COCA-COLA South Africa took a winning 3-0 lead in their five-match under-19 Youth ODI series against England when they won the third match by 10 runs at Boland Park on Saturday.
The match was very similar to the second one on Friday with England leaving themselves with too much to do in the closing overs and South Africa having their total set up by one big innings in the middle order from Man-of-the-Match Greg Oldfield supported by some good hitting at the death.
The South Africans managed to score 100 runs in their last 10 overs for the loss of only three wickets which was an outstanding effort by any international standard.
They will also be highly encouraged by the fact that they put their youngest side in the field for some time with seven of the players available to play in next year’s ICC under-19 World Cup in Dubai.
England have also fielded a youthful squad for the most part and both sides look well advanced in their preparation for next year’s tournament.
This match followed exactly the same trend as the second one the day before with England winning the toss and deciding to field first in stifling conditions.
The move looked as though it might be paying off when the first three South African wickets fell for only 48 runs before David Bedingham and Greg Oldfield stabilised the innings with a fourth wicket partnership of 58 in 14 overs.
England still looked in a strong position when they had half the South African team out for 134 in the 33rd over but the lower and middle-order, packed with all-rounders, rallied strongly and more than doubled the total to finish with a highly competitive 270.
Greg Oldfield (82 off 111 balls, 8 fours) and Jason Smith (49 not out off 48 balls, 1 four and 2 sixes) took the lead role as they had done the previous day.
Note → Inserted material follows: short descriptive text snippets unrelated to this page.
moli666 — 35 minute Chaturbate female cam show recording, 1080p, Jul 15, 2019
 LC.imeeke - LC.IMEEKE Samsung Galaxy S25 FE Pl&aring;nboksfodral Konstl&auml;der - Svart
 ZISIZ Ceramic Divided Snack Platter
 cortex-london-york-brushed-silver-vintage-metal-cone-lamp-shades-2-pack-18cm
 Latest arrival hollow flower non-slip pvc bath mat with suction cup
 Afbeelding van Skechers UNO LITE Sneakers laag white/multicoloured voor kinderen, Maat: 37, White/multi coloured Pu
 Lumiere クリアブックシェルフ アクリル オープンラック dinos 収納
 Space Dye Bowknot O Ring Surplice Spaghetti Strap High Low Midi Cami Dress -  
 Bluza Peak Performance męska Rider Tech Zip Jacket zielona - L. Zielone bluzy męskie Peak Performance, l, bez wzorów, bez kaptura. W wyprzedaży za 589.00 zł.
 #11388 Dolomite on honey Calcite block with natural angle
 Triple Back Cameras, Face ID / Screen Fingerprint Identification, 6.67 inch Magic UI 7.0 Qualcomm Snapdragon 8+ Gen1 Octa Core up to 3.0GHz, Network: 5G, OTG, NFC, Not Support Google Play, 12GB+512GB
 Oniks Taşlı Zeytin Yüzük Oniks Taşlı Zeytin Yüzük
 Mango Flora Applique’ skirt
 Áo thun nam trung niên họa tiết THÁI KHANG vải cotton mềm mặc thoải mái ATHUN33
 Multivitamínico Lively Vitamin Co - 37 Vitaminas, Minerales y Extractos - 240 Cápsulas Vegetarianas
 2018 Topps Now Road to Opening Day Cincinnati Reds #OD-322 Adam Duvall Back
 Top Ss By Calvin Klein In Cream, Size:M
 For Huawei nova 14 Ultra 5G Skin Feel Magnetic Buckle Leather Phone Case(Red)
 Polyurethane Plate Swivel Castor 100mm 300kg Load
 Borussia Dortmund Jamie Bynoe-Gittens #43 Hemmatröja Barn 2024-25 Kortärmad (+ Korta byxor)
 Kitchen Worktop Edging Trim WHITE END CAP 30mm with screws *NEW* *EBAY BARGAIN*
Oldfield was dropped twice in the second half of his innings but these lapses only cost England a handful of runs just when he looked set for a well-deserved century.
Smith was assisted by some spectacular hitters. Corbin Bosch hit 23 off just 8 balls (5 fours) before being run out when he slipped in turning to regain his ground. Sine Ntshona and Tshepo Moreki also joined in the boundary hitting and South Africa scored 100 in the last 10 overs for the loss of only three wickets.
Ngazibini Sigwili kept up the pressure when England batted, taking 2/14 in his opening spell of 5 overs. Corbin Bosch added the wicket of Ed Barnard to have England in much the same position as South Africa had been – 37/3 after 12 overs.
Ben Duckett, who has been impressive in the middle order, followed soon afterwards when he attempted a reverse sweep in off-spinner Ntshona’s first over and gave a straight forward catch to Murray Coetzee.
At 51/4 and with a required rate of just over a run a ball England had a lot to do in the remaining 34 overs.
England finally got a partnership going when Jonathan Tattersall and Ryan Gibson came together at the fall of the fifth wicket. They added 49 off 59 balls before Gibson miscued a cut and was caught at backward point, leaving England 130/6 and needing a further 141 at more than eight to the over.
Tattersall was largely left to play a lone hand, reaching his half-century off 54 balls with 2 fours. Tattersall shared a 50-run partnership with Joshua Shaw and hit a defiant six before perishing for 83 off 76 balls (5 fours and a six).
England continued to fight to the death with Shaw also reaching a half-century to go with his three wickets but, as in the second match, they had left themselves with too much to do at the end and fell 10 runs short of the South African total with their last pair at the crease.